Here are a couple more from the same article.
> On Homosexuality:
> We affirm that the practice of homosexuality tears at the fabric of society and contributes to the breakdown of the family unit. Homosexual behavior is contrary to the fundamental, unchanging truths that have been ordained by God, recognized by our country’s founders, and shared by the majority of Texans. Homosexuality must not be presented as an acceptable “alternative” lifestyle, in public policy, nor should “family” be redefined to include homosexual “couples.” We believe there should be no granting of special legal entitlements or creation of special status for homosexual behavior, regardless of state of origin. Additionally, we oppose any criminal or civil penalties against those who oppose homosexuality out of faith, conviction or belief in traditional values.
> On the “Voter Rights Act” [sic]:
> We urge that the Voter Rights Act of 1965 codified and updated in 1973 be repealed and not reauthorized.
On the issue of rights, how about this one from another [blog](http://livewire.talkingpointsmemo.com/entries/paul-ryan-bashes-obamacare-because-rights-come-from?ref=fpblg).
> House Budget Committee Chairman Paul Ryan (R-WI) said Sunday that ‘Obamacare’ should be repealed because the rights of individuals come from God.
> “I think this at the end of the day is a big philosophy difference,” Ryan told ABC’s “This Week.” “We disagree with the notion that our rights come from government, that the government can now grant us and define our rights. Those are ours, they come from nature and God, according to the Declaration of Independence – a huge difference in philosophy.”
Philosophy is a way of thinking about the world. His statement is not about philosophy; it is a statement about beliefs, a certain kind of beliefs. One can and should certainly disagree with others with different world views, but with a kind of disagreement that allows for both to coexist. Paul Ryan is a Catholic and should appreciate the notion of love so central to his religion. Jesus preached a Gospel of love, which at its core is the (unconditional) acceptance of everyone.
The Founding Fathers may have believed that our rights are inalienable, but they also believed that acts of government were essential to protect them. The Framers were strongly influenced by the thinkers of the Enlightenment.
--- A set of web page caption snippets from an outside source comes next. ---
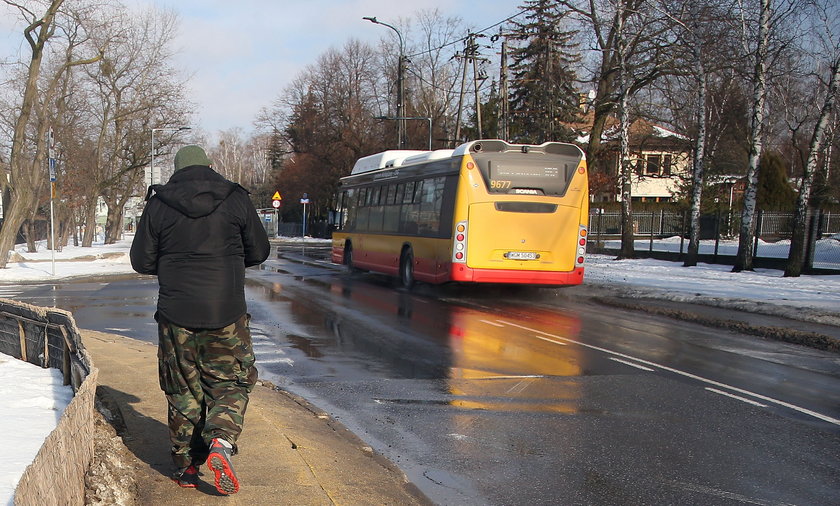Groza w warszawskim autobusie. Mężczyzna straszył 12-latkę. Zareagował kierowca [zdjęcie ilustracyjne]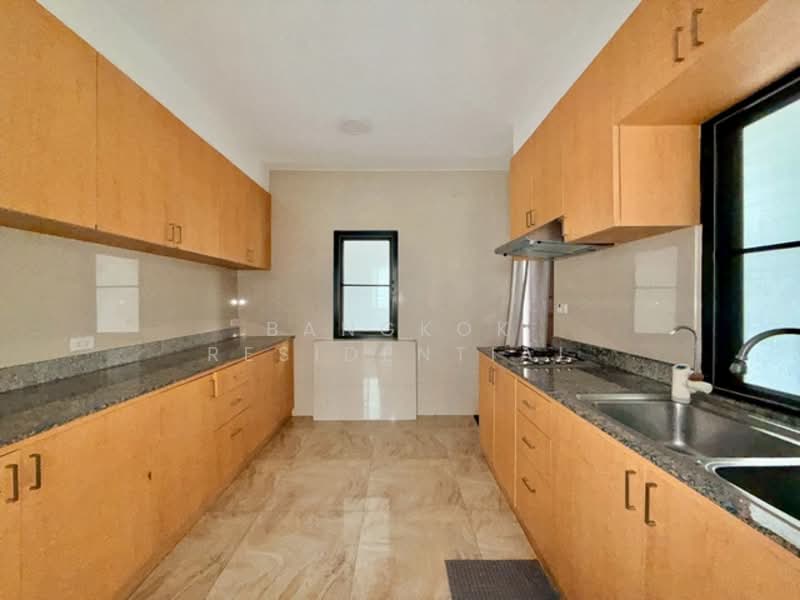 Noble House Ekkamai, Bangkok, Ekkamai 22, Khlong Tan Nua, Watthana, Bangkok, 4 Bedrooms, 400 sqm, Single Detached House For Rent, by Bangkok Residential, 500218002 - DDproperty.com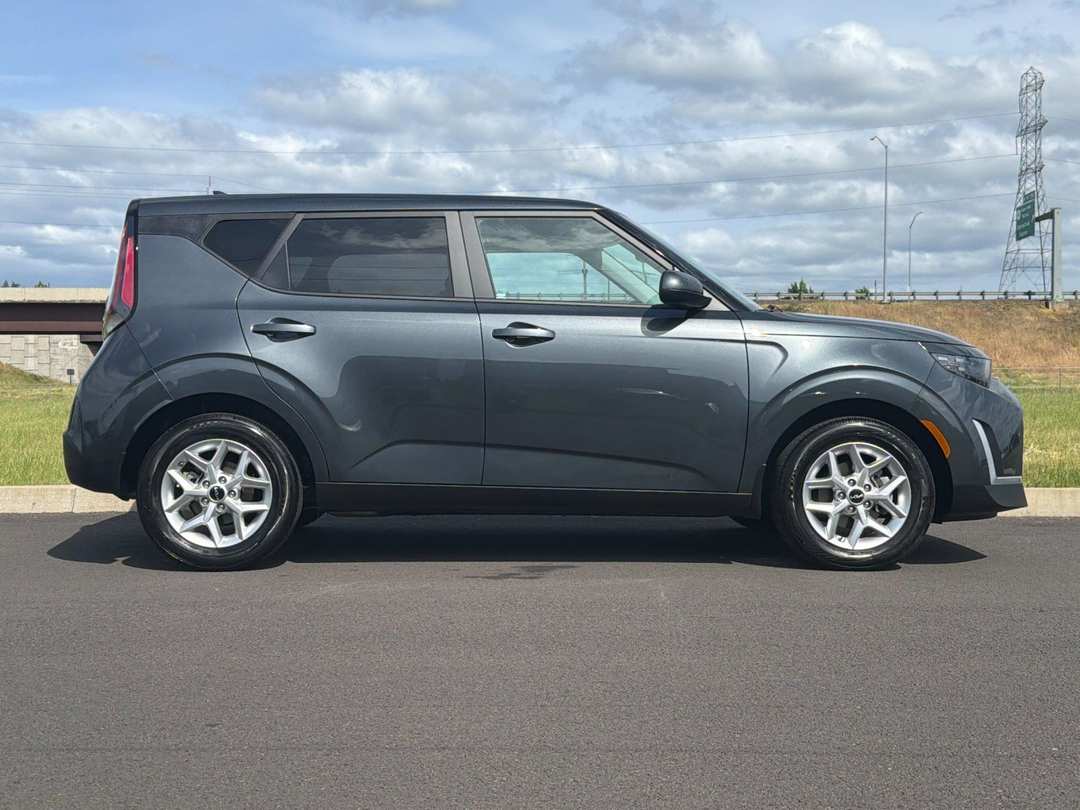 2024 Kia Soul LX - Image 2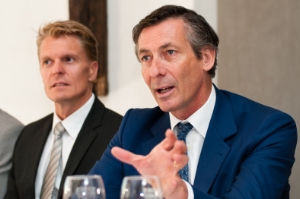 Landesrat Thomas Widmann mit BLS-Direktor Ulrich Stofner (links). Foto: DiKOM/ohn.
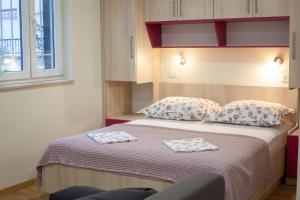 Posteľ alebo postele v izbe v ubytovaní Apartmani Vito i Cvita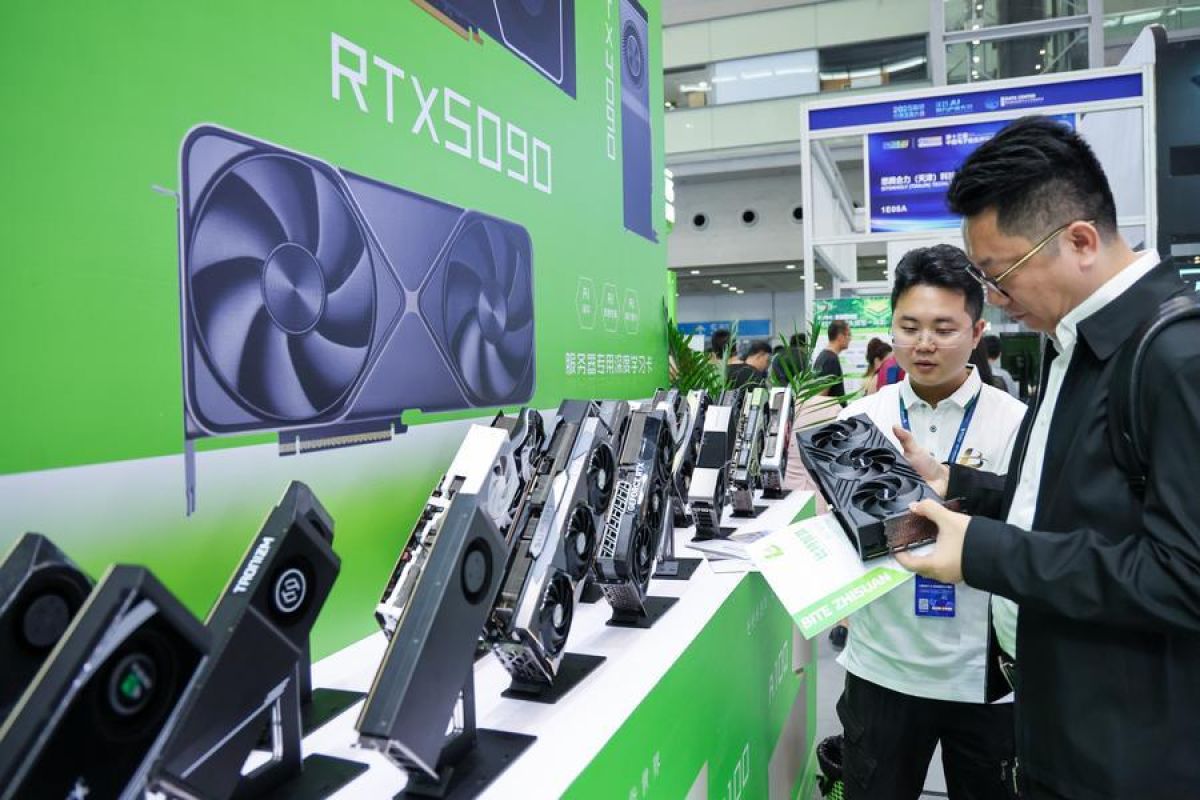 China releases development plan for electronic information manufacturing sector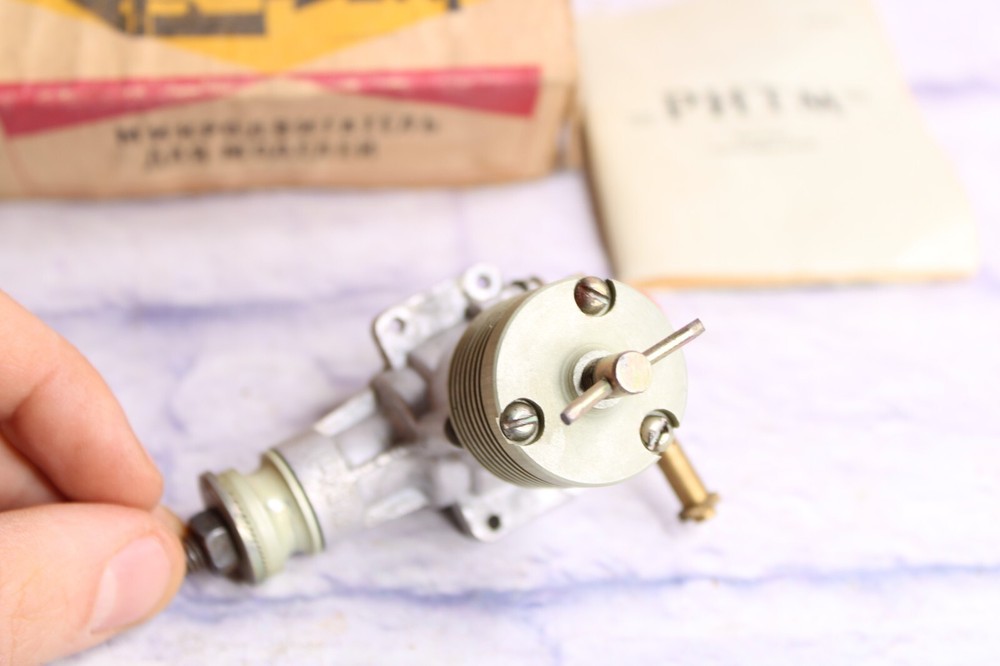 RITM Soviet 2.5cc Diesel RC Airplane Engine - IN BOX - Never Ran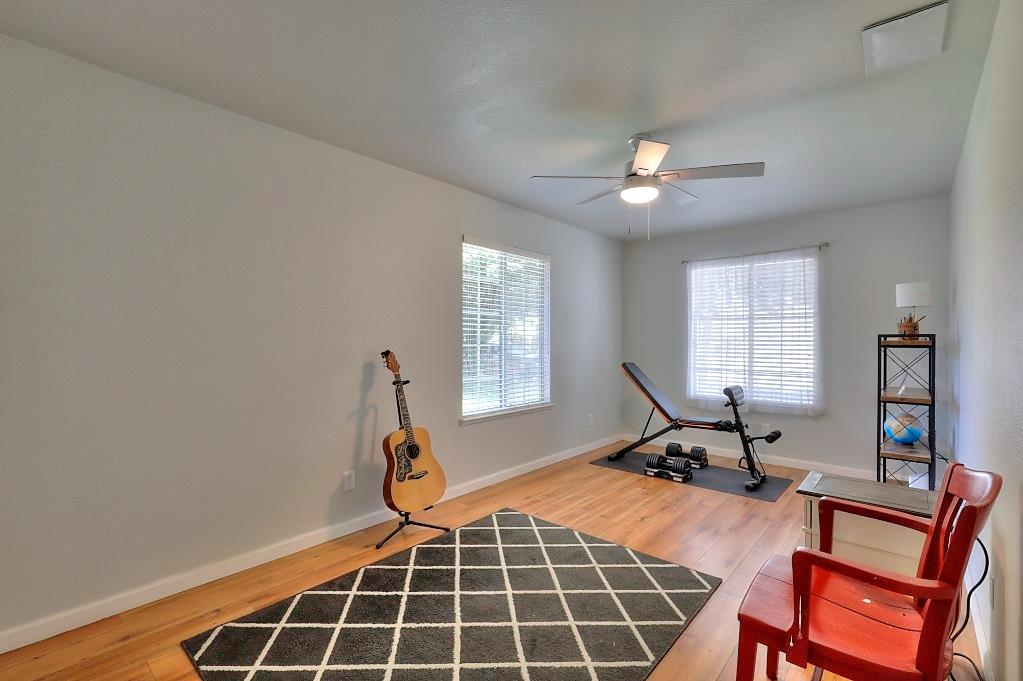 5659 W Menlo Ave, Fresno, CA 93722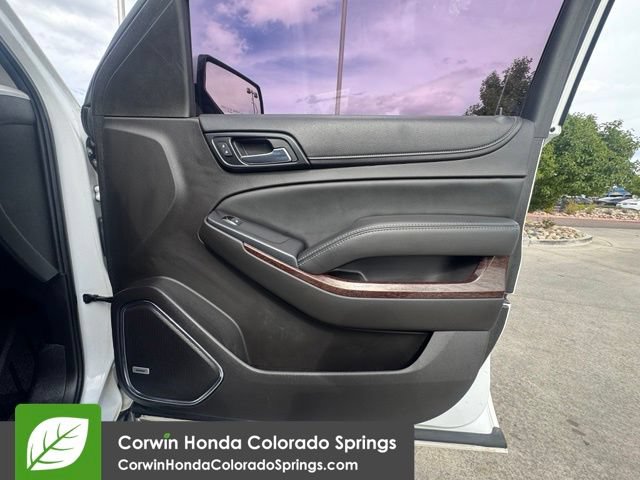 Used 2017 GMC Yukon SLT AWD/4WD image 33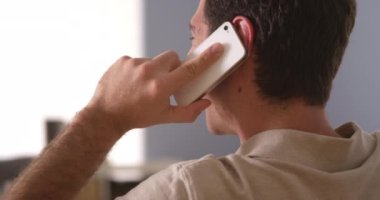 Mutlu adam Smartphone'da konuşuyor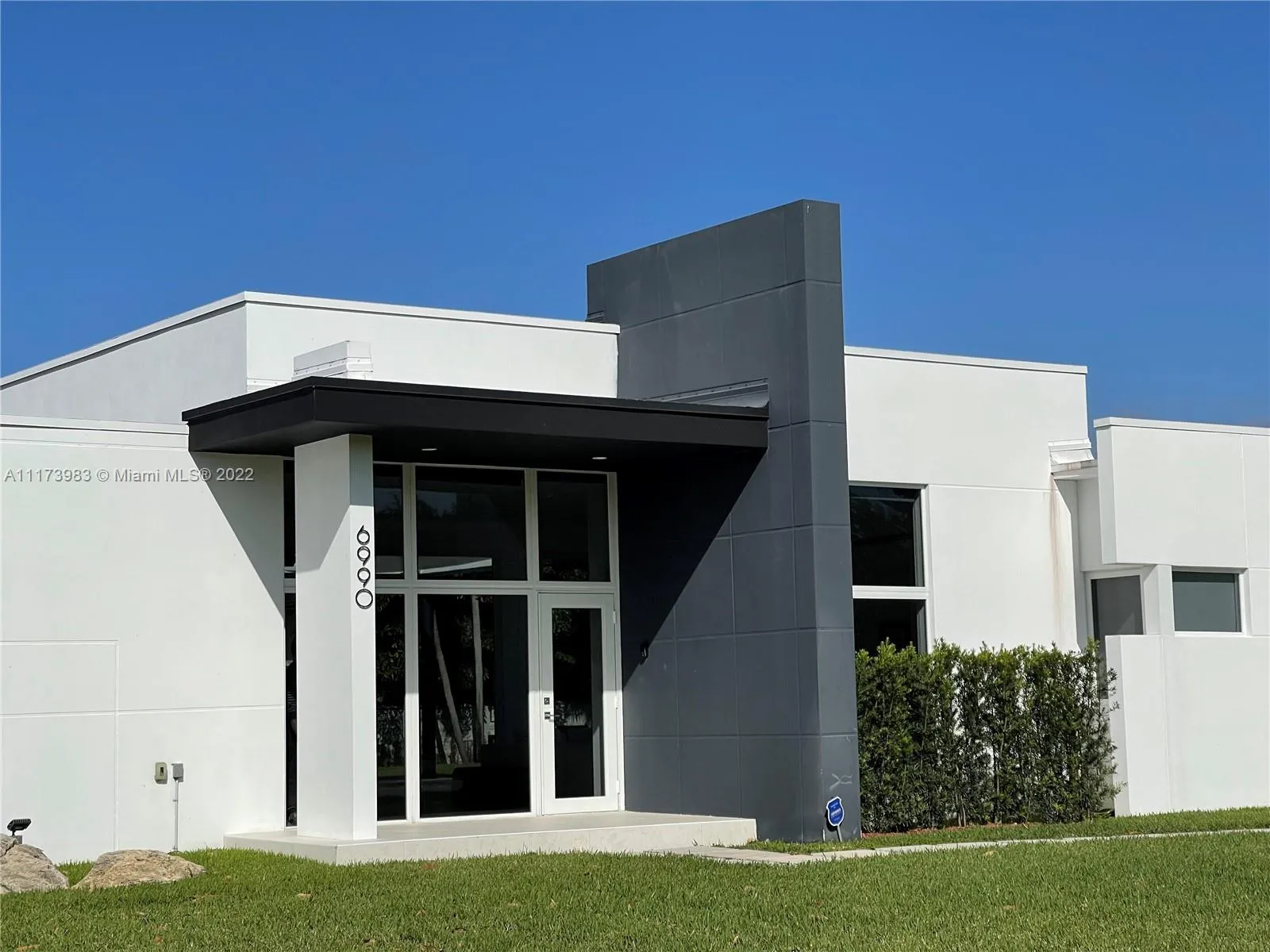 6990 SW 102nd Ave, Miami FL 33173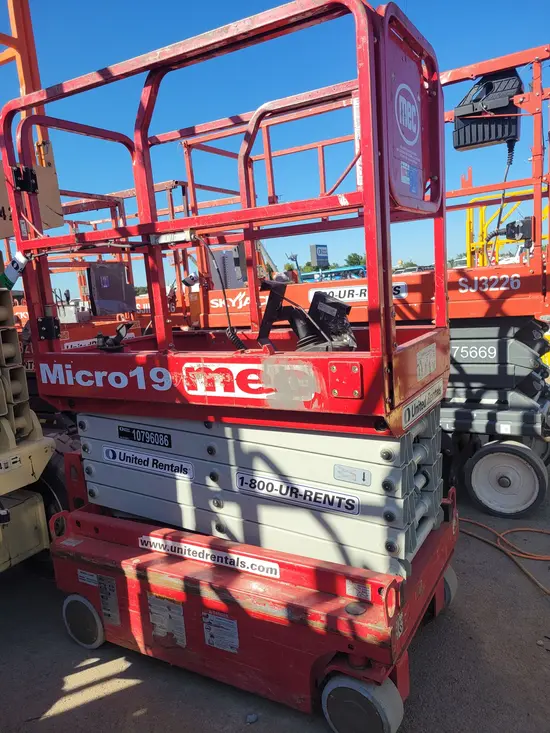 2018 MEC MICRO 19 Scissor Lift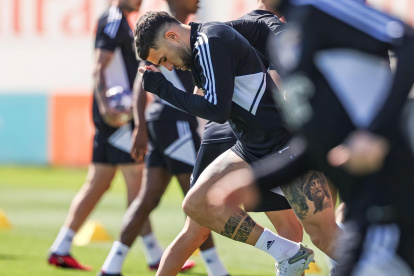 Aunque Nicolás Otamendi entrenó, no podrá jugar con el Benfica.
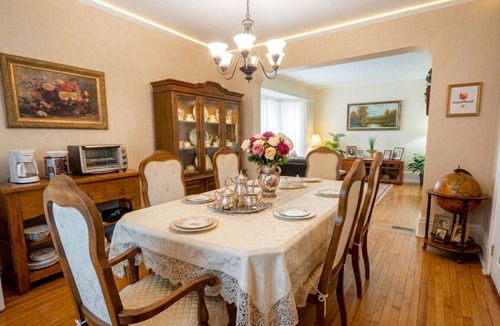 Niagara Falls Bed & Breakfast | Private Room with en-suit Bathroom 3 Mins to Falls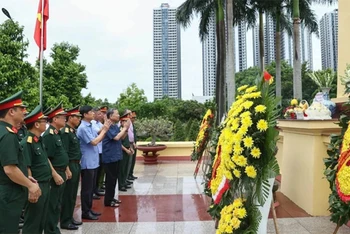 Chủ tịch nước Tô Lâm đã thắp hương tại Đài Tổ quốc ghi công, nghĩa trang Mai Dịch. (Nguồn: VOV)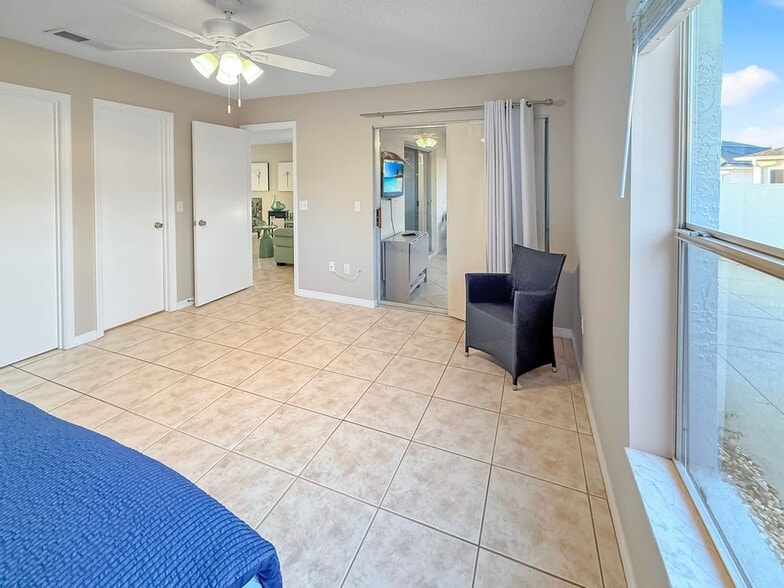 Building Photo - 408 Duarte Ln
Ryan and others with such absolutist views of government would do well to re-read those from whose views the Declaration of Independence, alluded to in his remarks, especially Hobbes and his need for government to rescue mankind from a “state of nature,” where life is famously, “solitary, poor, nasty, brutish, and short.” Wikipedia has a terse [discussion](http://en.wikipedia.org/wiki/State_of_nature) of this:
> Within the state of nature there is no injustice, since there is no law, excepting certain natural precepts, the first of which is “that every man ought to endeavour peace, as far as he has hope of obtaining it” (Leviathan, ch. XIV); and the second is “that a man be willing, when others are so too, as far forth as for peace and defence of himself he shall think it necessary, to lay down this right to all things; and be contented with so much liberty against other men as he would allow other men against himself” (loc. cit.). From this, Hobbes develops the way out of the state of nature into civil government by mutual contracts.
Ryan might say he is abiding by the both/and principle: “What I say is right **and** what you believe is wrong, I hold **both** of these to be true. Not quite yin and yang or both/and as a way of living together in love.